» PROBLEM
Write out, without any change, the lines in the material below that run from the line with "Eufy Security eufyCam" through the line with "Fietsen wassen.", both included.

» DATA IN THIS EXERCISE
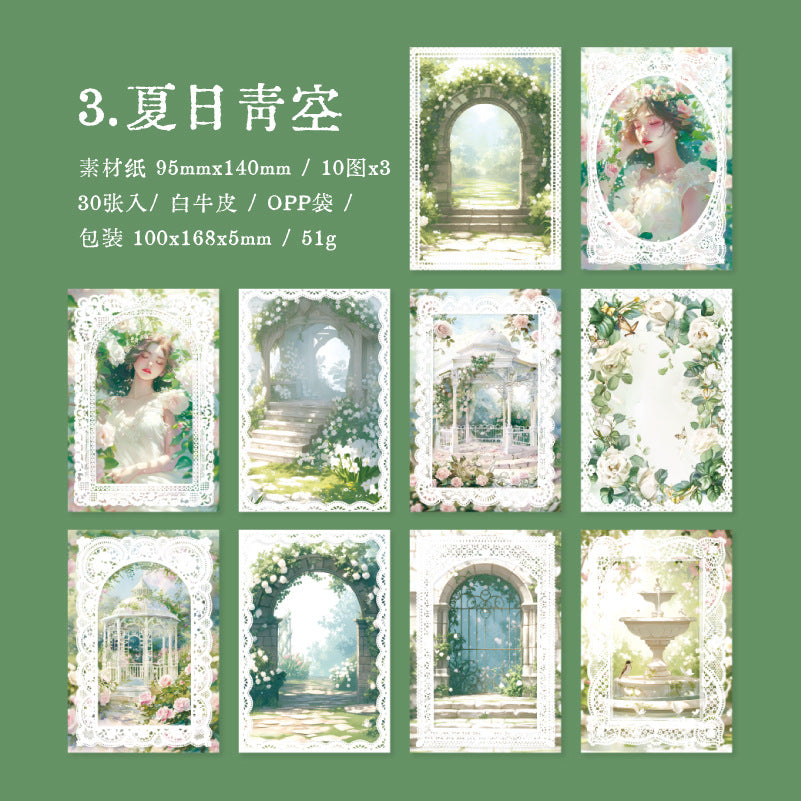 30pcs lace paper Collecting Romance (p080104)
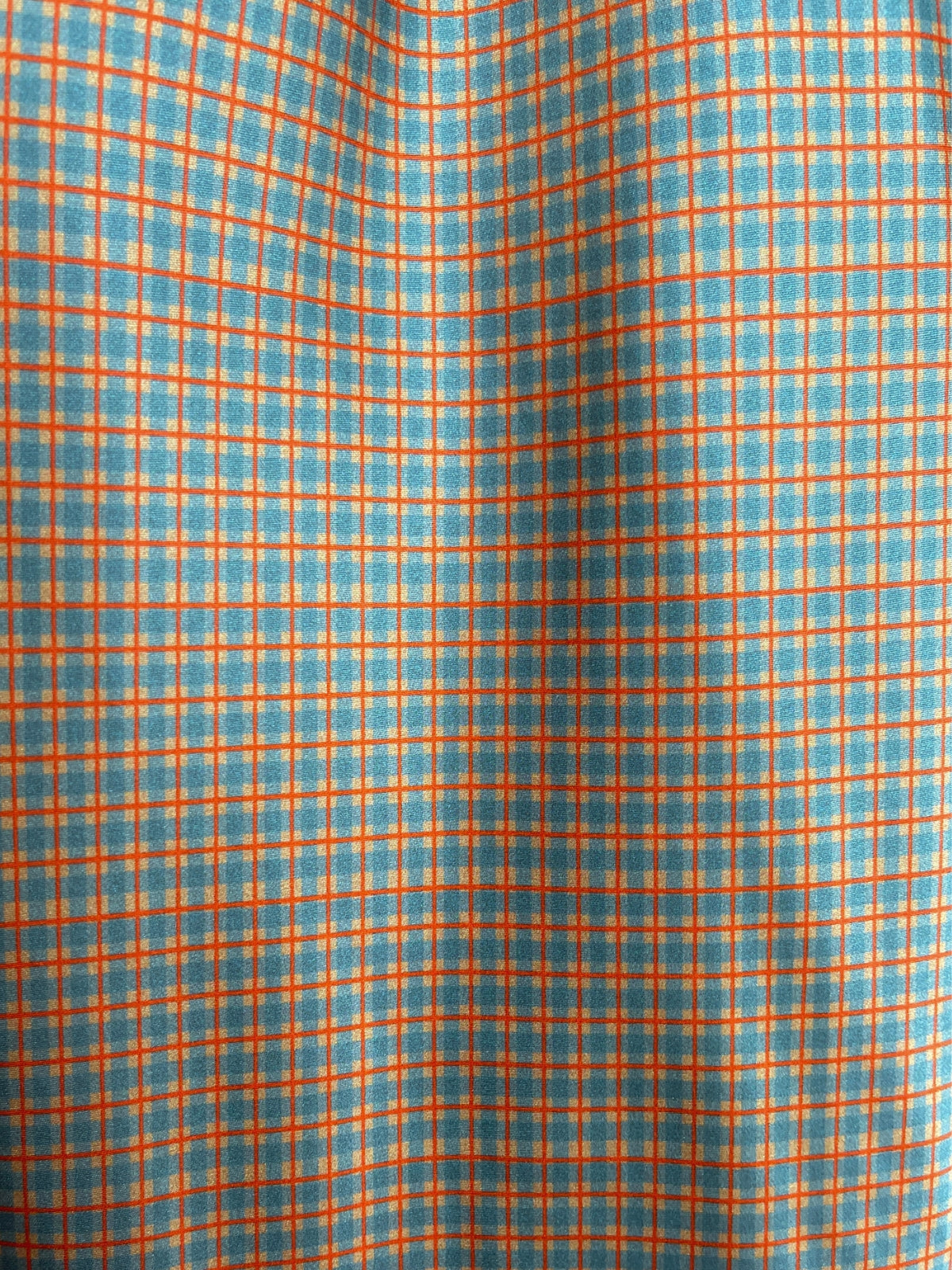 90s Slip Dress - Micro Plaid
...
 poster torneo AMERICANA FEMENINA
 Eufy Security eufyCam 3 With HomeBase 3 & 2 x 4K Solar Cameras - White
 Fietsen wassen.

» TASK RESULT
 Eufy Security eufyCam 3 With HomeBase 3 & 2 x 4K Solar Cameras - White
 Fietsen wassen.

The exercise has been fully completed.